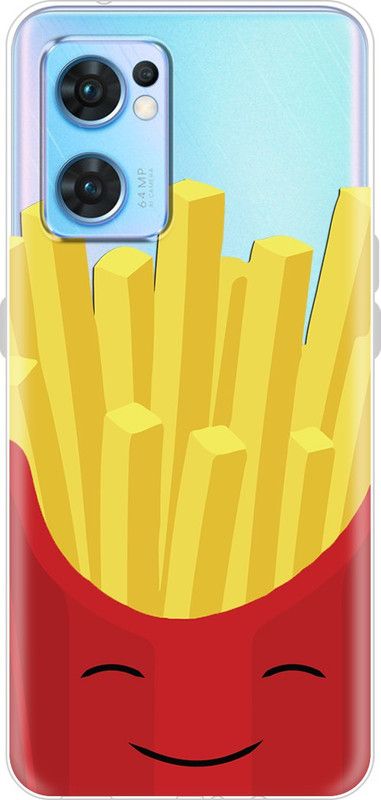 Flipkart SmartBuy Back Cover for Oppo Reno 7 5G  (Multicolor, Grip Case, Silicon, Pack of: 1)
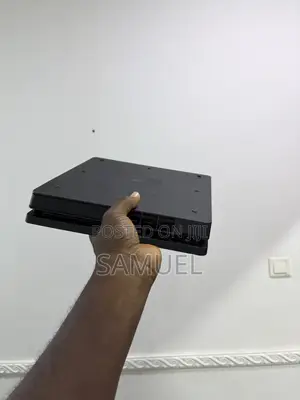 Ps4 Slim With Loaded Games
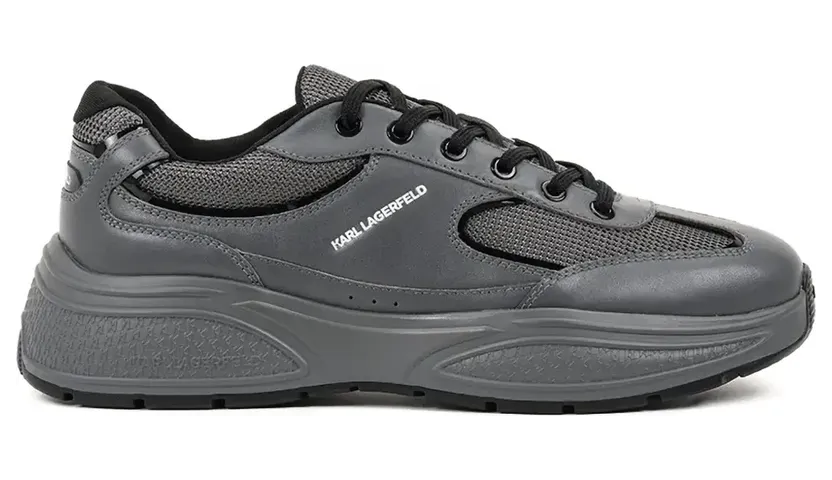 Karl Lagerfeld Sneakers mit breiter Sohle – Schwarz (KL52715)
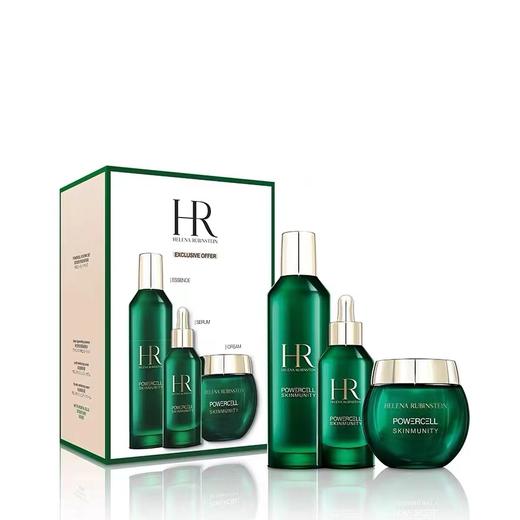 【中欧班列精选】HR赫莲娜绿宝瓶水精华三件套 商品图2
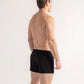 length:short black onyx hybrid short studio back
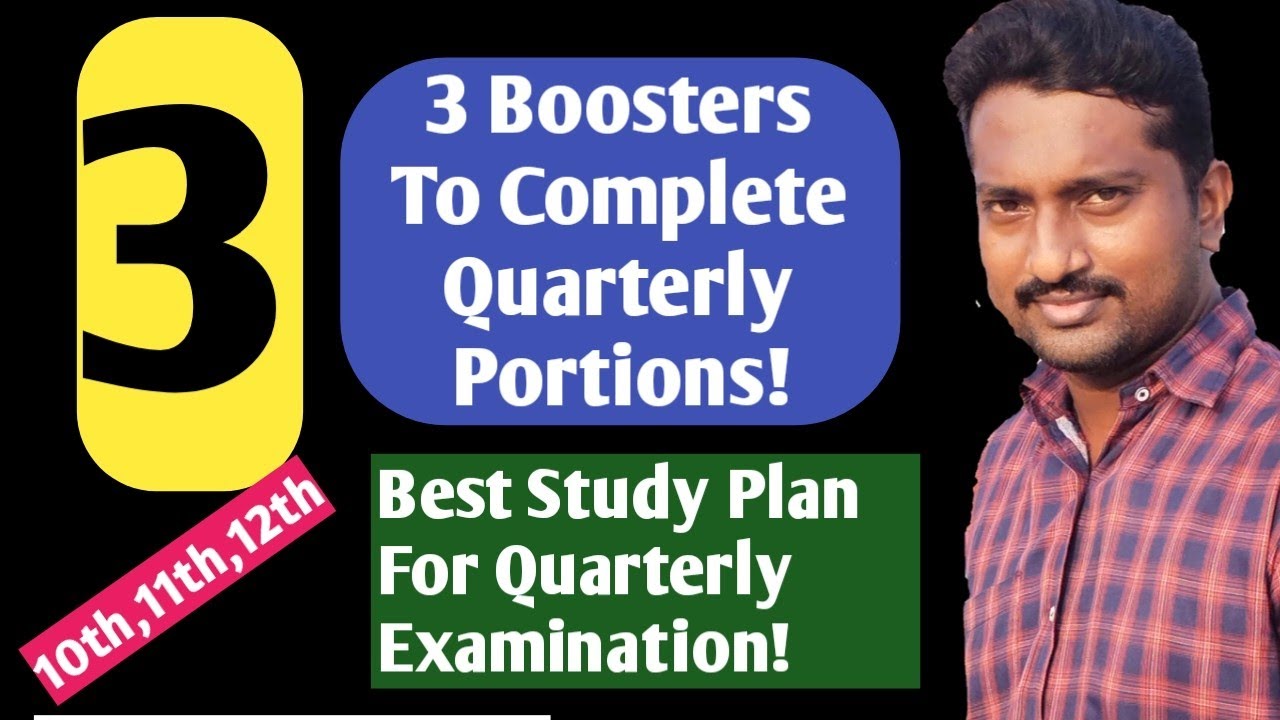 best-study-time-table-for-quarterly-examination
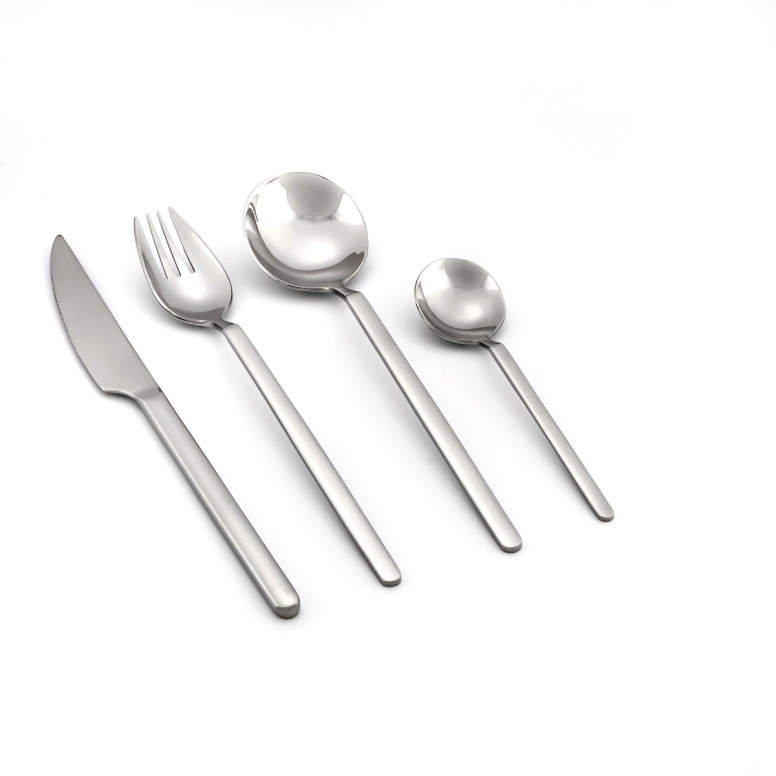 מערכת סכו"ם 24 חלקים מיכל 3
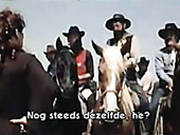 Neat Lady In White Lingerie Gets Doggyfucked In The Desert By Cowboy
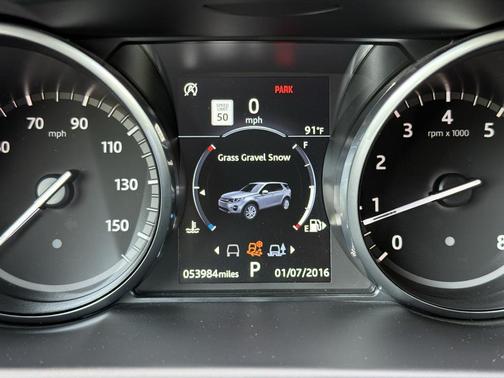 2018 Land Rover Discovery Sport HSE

==

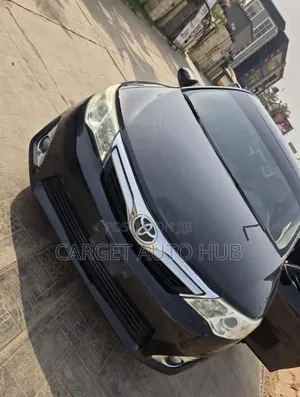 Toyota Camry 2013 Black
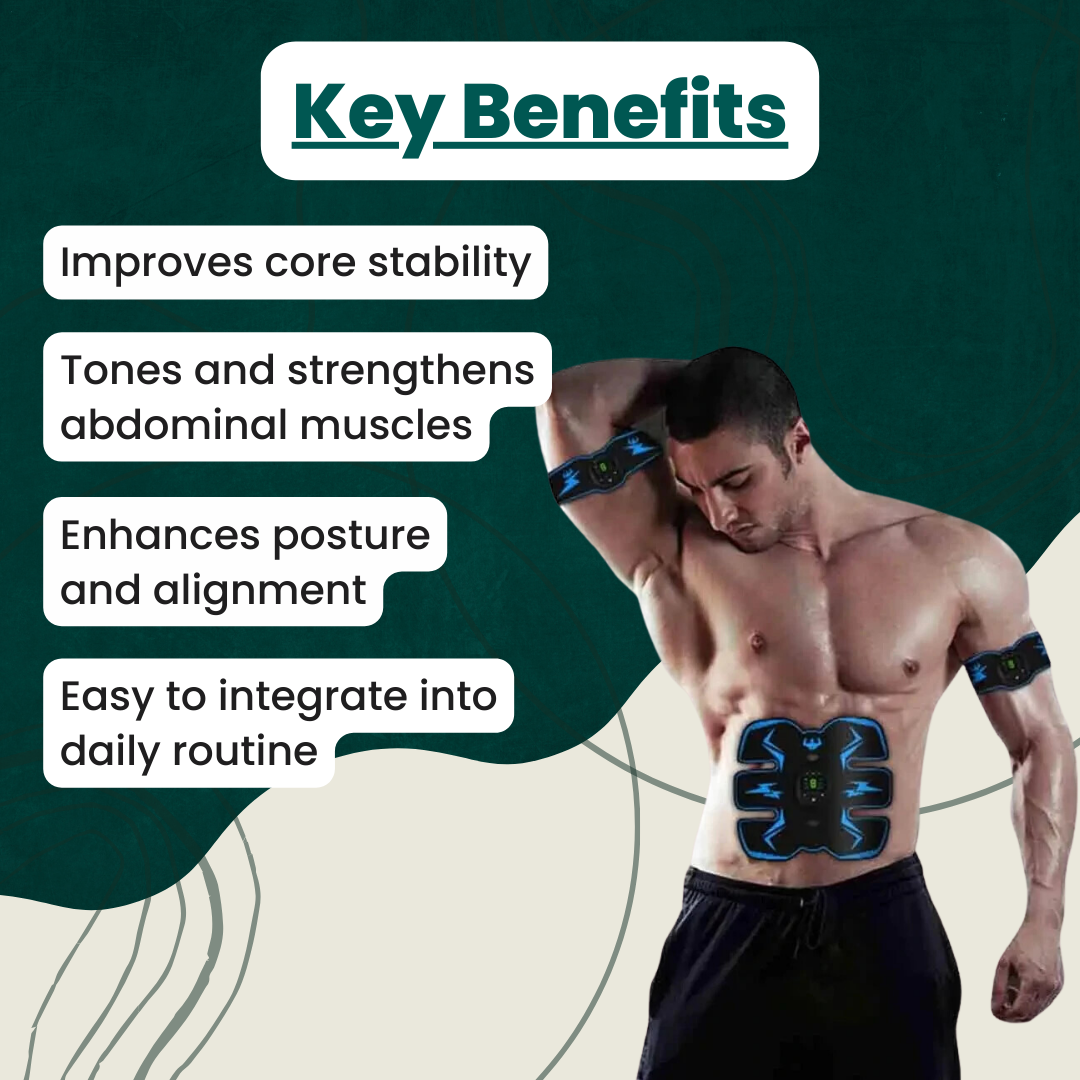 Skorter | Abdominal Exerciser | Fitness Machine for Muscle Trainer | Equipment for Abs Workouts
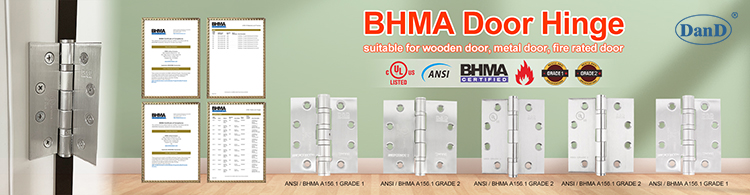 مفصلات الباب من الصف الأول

...

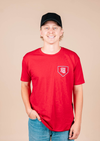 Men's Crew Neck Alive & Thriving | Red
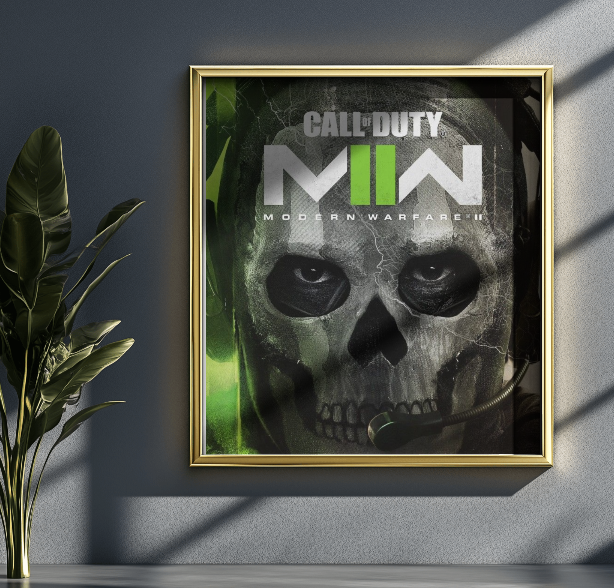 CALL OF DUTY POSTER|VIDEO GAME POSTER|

▶ Required action:
Copy nothing but the lines above from the one with "Ps4 Slim With Loaded Games" to the one with "Neat Lady In", inclusive, word for word. Leave every picture out.

▶ Response to the task:
 Ps4 Slim With Loaded Games
 Karl Lagerfeld Sneakers mit breiter Sohle – Schwarz (KL52715)
 【中欧班列精选】HR赫莲娜绿宝瓶水精华三件套 商品图2
 length:short black onyx hybrid short studio back
 best-study-time-table-for-quarterly-examination
 מערכת סכו"ם 24 חלקים מיכל 3
 Neat Lady In White Lingerie Gets Doggyfucked In The Desert By Cowboy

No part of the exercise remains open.